**What is being asked**
Reproduce, exactly, the lines of the material below from the line containing "Potencial Ilimitado para Desenvolvimento" through the line containing "Viva e Invista", with both end lines included and nothing else.

═══ Source data

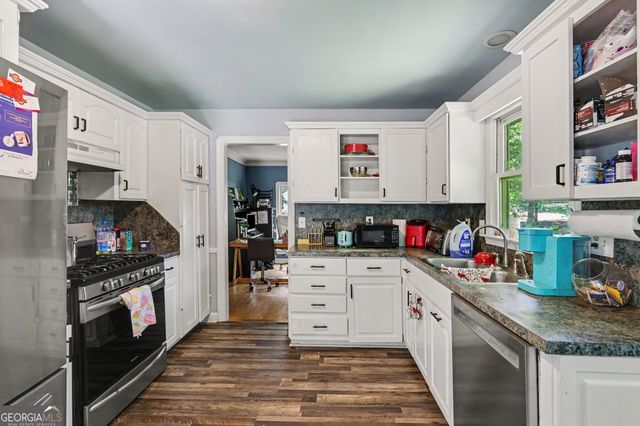 6726 Pin Oak Drive, Douglasville, GA 30135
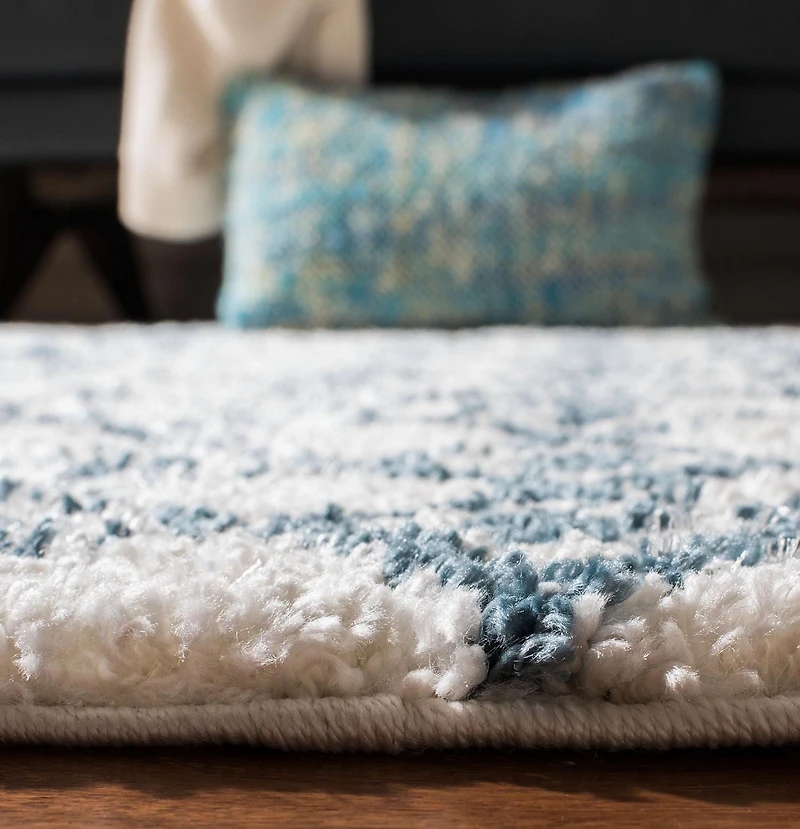 Safavieh Berber Fringe Robynne Aztec Shag Area Rug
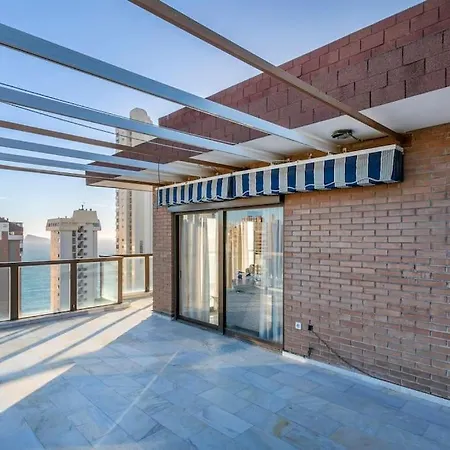 Atico Con Gran Terraza Бенидорм
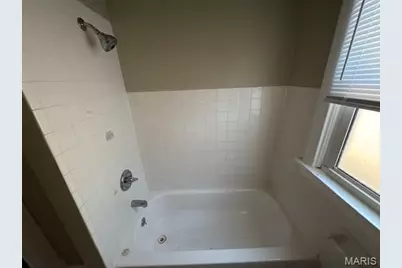 4083 Schiller Place, Saint Louis, MO 63116 - Photo 7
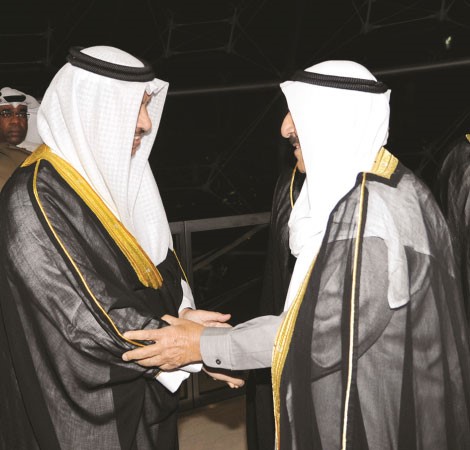 سمو رئيس الوزراء الشيخ جابر المبارك مصافحا صاحب السمو الامير ﻿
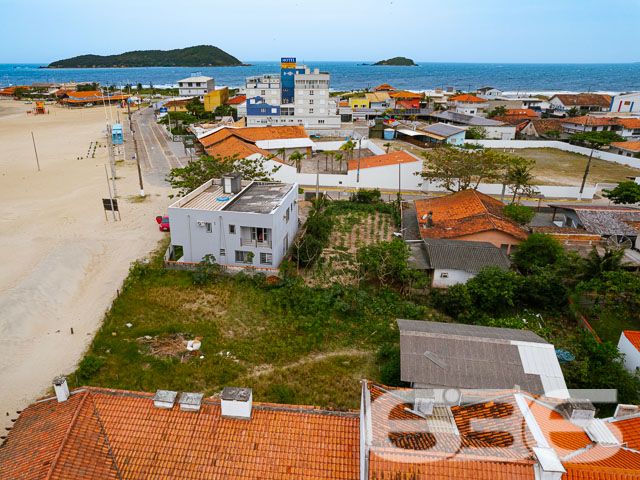 TERRENO EXCLUSIVO COM VISTA PARA A PRAIA BOCA DA BARRA
Descubra a oportunidade perfeita para investidores e empreendedores no centro de Balneário Barra do Sul. Este terreno excepcional, com 1.274m², oferece um cenário ideal para a realização de projetos ambiciosos. Com sua localização privilegiada e vista para a Praia Boca da Barra, este lote representa uma oportunidade rara no mercado.
Potencial Ilimitado para Desenvolvimento
Este terreno plano e regular é um verdadeiro convite para a criatividade e inovação. Seja para a construção de um empreendimento residencial de alto padrão, um complexo comercial ou um projeto turístico, as possibilidades são infinitas. A amplitude do espaço permite a realização de um projeto arquitetônico que harmonize com a beleza natural da região.
Viva e Invista no Melhor de Balneário Barra do Sul
Localizado no coração de Balneário Barra do Sul, este terreno está cercado por uma atmosfera vibrante e acolhedora. A proximidade com a Praia Boca da Barra oferece uma experiência única de vida litorânea, combinando tranquilidade e acesso às comodidades urbanas.
636 Negócios Imobiliários: Parceiro Ideal para Seu Investimento
Com mais de 30 anos de experiência no mercado imobiliário, a 636 Negócios Imobiliários é especialista em identificar oportunidades únicas como esta. Para mais informações sobre este terreno no centro de Balneário Barra do Sul, entre em contato pelo telefone (47) 3448-3636 ou WhatsApp (47) 99190-0636.
Nossa equipe está pronta para auxiliar você a transformar este terreno em um investimento de sucesso!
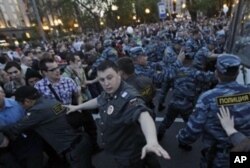 Moskvada sammit paytida Putinga qarshi tinimsiz namoyishlar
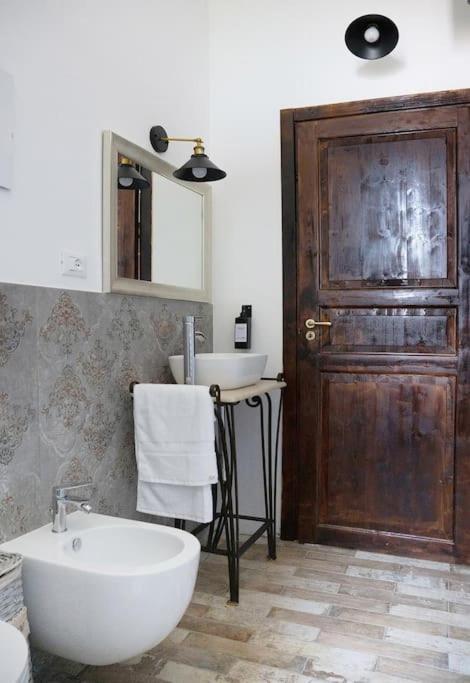 Un Passo Dalle Torri Σαν Τζιμινιάνο Εξωτερικό φωτογραφία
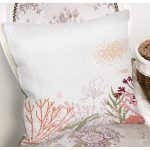 - 7374 - Realhomes Beyaz Zemin Üzerinde Onedraw Çizimli Yaprak Motifli Yastık Kırlent Kılıfı Realhomes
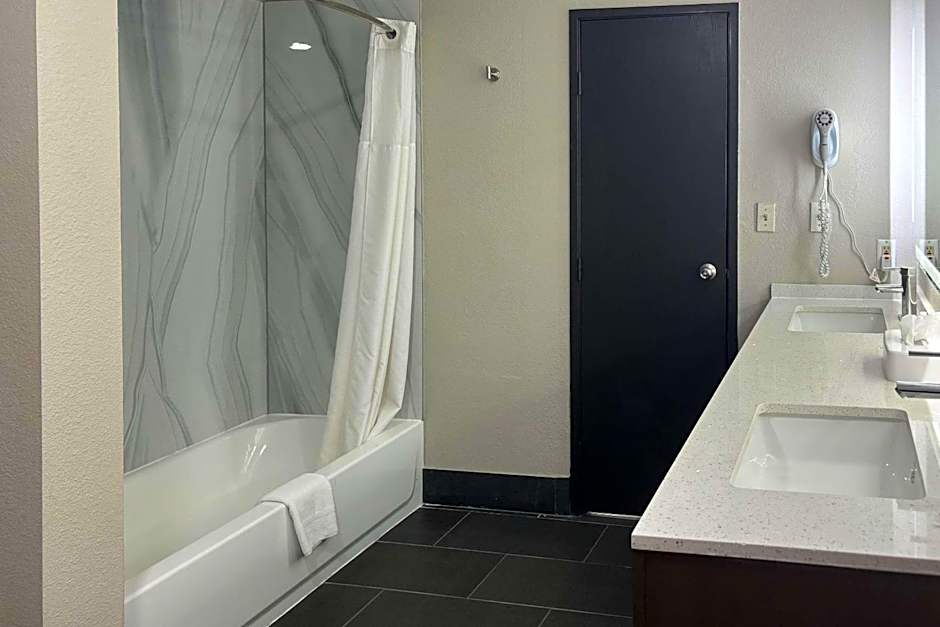 Quality Inn & Suites at Airport Blvd I-65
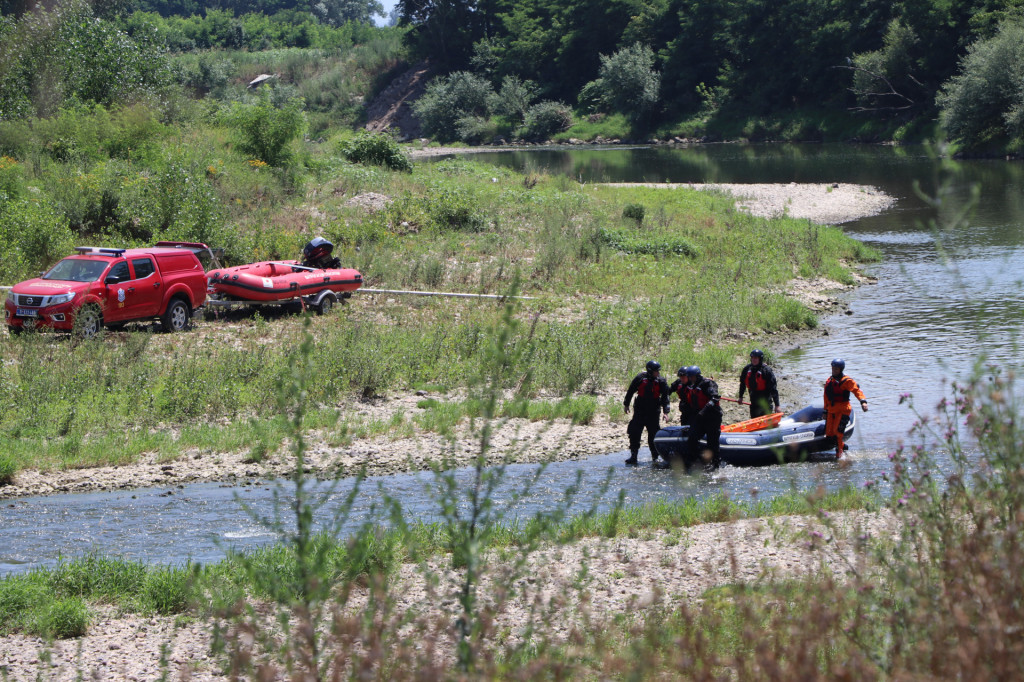 Kakav dan! Još jedno telo izvučeno iz reke, leš žene nađen u Zapadnoj Moravi kod Čačka (FOTO)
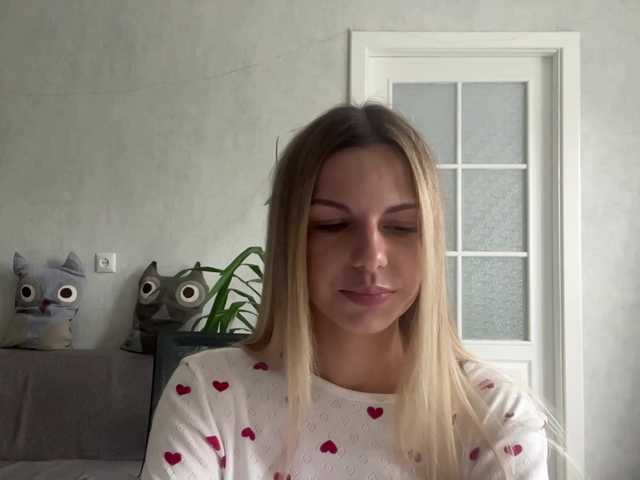 CarlotaWnorowski live cam on BongaCams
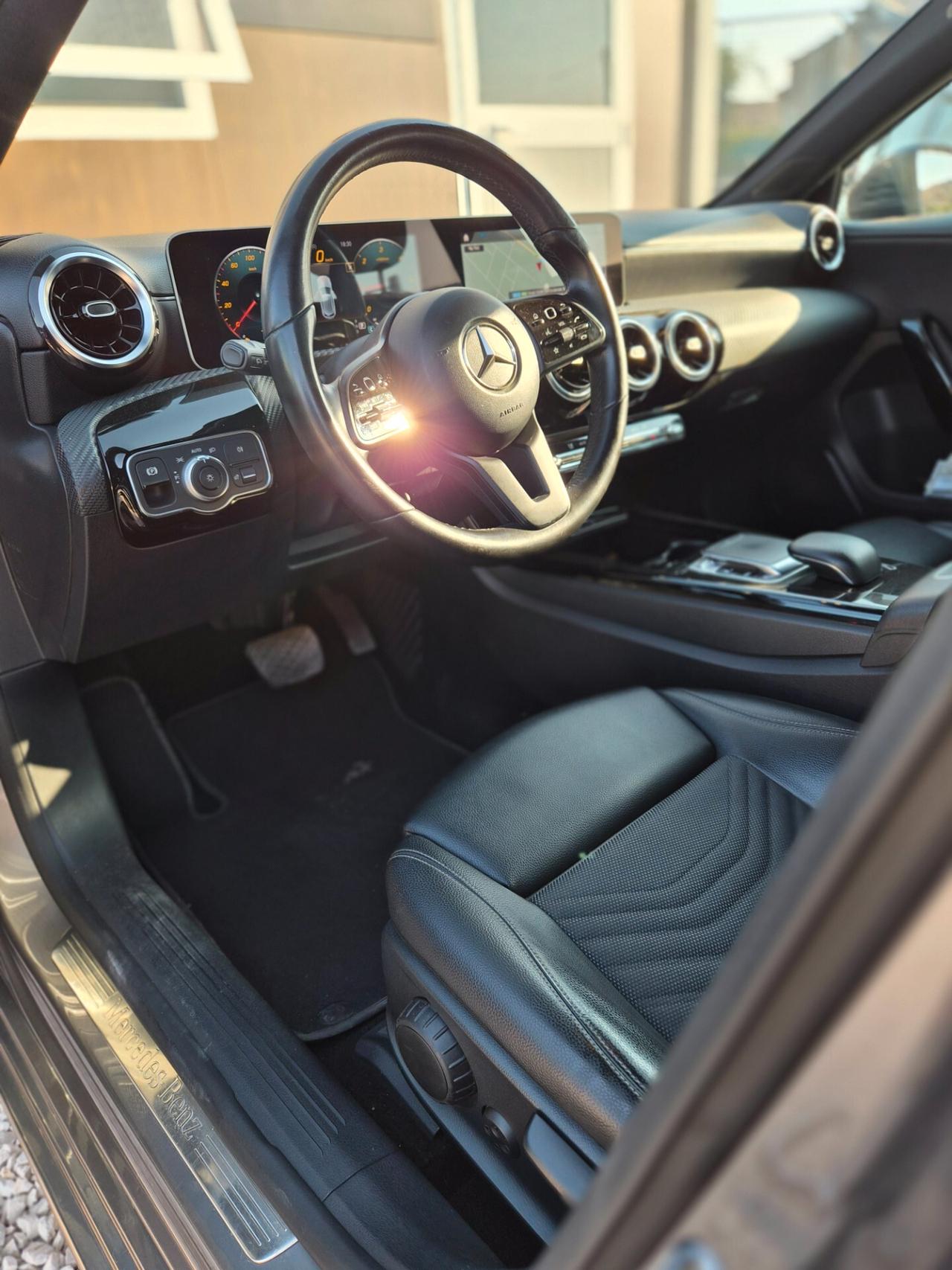 Mercedes-benz A 180 d Sport pelle,led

══════

**Response to this task**
Potencial Ilimitado para Desenvolvimento
Este terreno plano e regular é um verdadeiro convite para a criatividade e inovação. Seja para a construção de um empreendimento residencial de alto padrão, um complexo comercial ou um projeto turístico, as possibilidades são infinitas. A amplitude do espaço permite a realização de um projeto arquitetônico que harmonize com a beleza natural da região.
Viva e Invista no Melhor de Balneário Barra do Sul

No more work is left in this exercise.